Apparently nothing was going to derail Novak Djokovic’s march to another major semifinals.
Not the blistering heat, not American Taylor Fritz and not even distractions from his own suite.
Djokovic ground out a 6-1, 6-4, 6-4 quarterfinal win over Fritz at Arthur Ashe Stadium, one that kept alive his bid for a historic 24th Grand Slam title.
That would tie Margaret Court’s all-time majors record, and extend his own men’s mark.
And the star Serb is two wins away.
“This is the sport that has given me so much in my life, coming from Serbia, war-torn country when I was growing up, I faced a lot of adversity growing up and I had to endure a lot to even get a shot to travel and play international sport,” Djokovic said in an on-court interview. “I’ve been playing on this court for so many years, so many epic matches. I can’t wait for another one in a few days time.”
It’ll be his 47th Grand Slam semi — a record for men — and come versus another American, either Frances Tiafoe or Ben Shelton.
“It’s going to be an American player, for sure. I have to be ready for a great battle,” said Djokivic. “Both of the guys I’m going to face eventually — Shelton and Tiafoe — have a lot of charisma. They bring a lot of energy on the court. They’re very quick, very powerful.”
Djokovic was quick and powerful enough to win six of the nine break points he got on the ninth-seeded Fritz.
After Fritz, 25, looked outclassed in a 43-minute first set, he settled down in a close 6-4 second and grew into the game.

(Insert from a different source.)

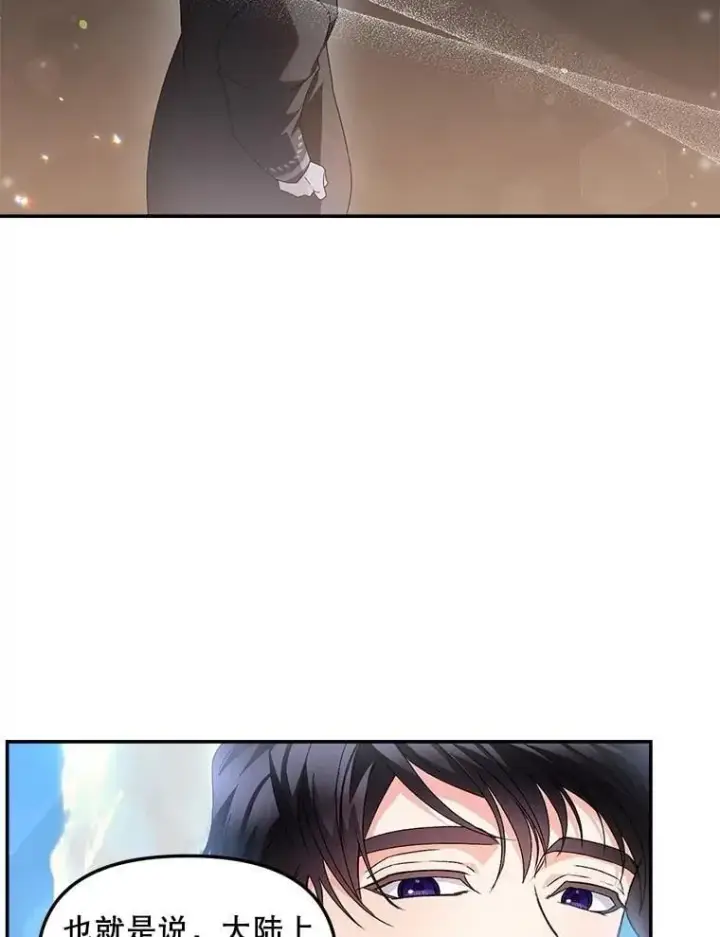 漫画《伯爵孤女的重生》129.你不好奇吗第47张图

The crowd started to get behind him, something that seemed to poke the bear.
It triggered Djokovic, who started pumping his fist and yelling back at the fans.

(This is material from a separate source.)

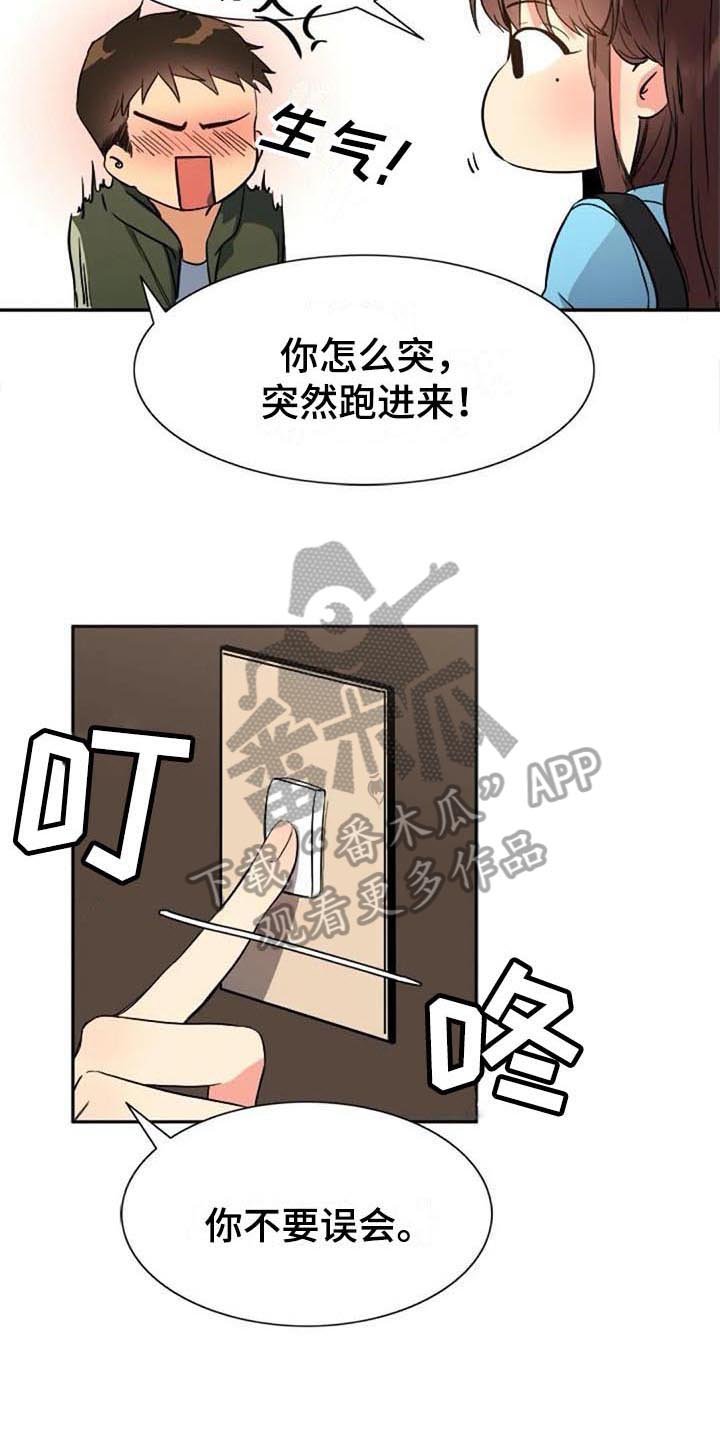 第30章：拜访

“It’s expected, of course, that people are backing the home player. And there’s nothing wrong with that,” Djokovic said. “I actually like the energy, like the atmosphere on center court here … people are getting into it.”
With Djokovic serving at deuce up 4-3 in the third, a fan yelled after his serve went in. Fritz hit a backhand return deep to the baseline, and — after Djokovic heard a fan yell ‘out!’ — seemed to stop tracking it mid-point.
He scrambled to return the deep ball, and the Serb only returned one ball after that.
Fritz took the point with a backhand winner to get the advantage, and Djokovic roared toward his suite.
After Djokovic got broken on the next point to even the set at 4-all, he pointed to his suite and told somebody to get out.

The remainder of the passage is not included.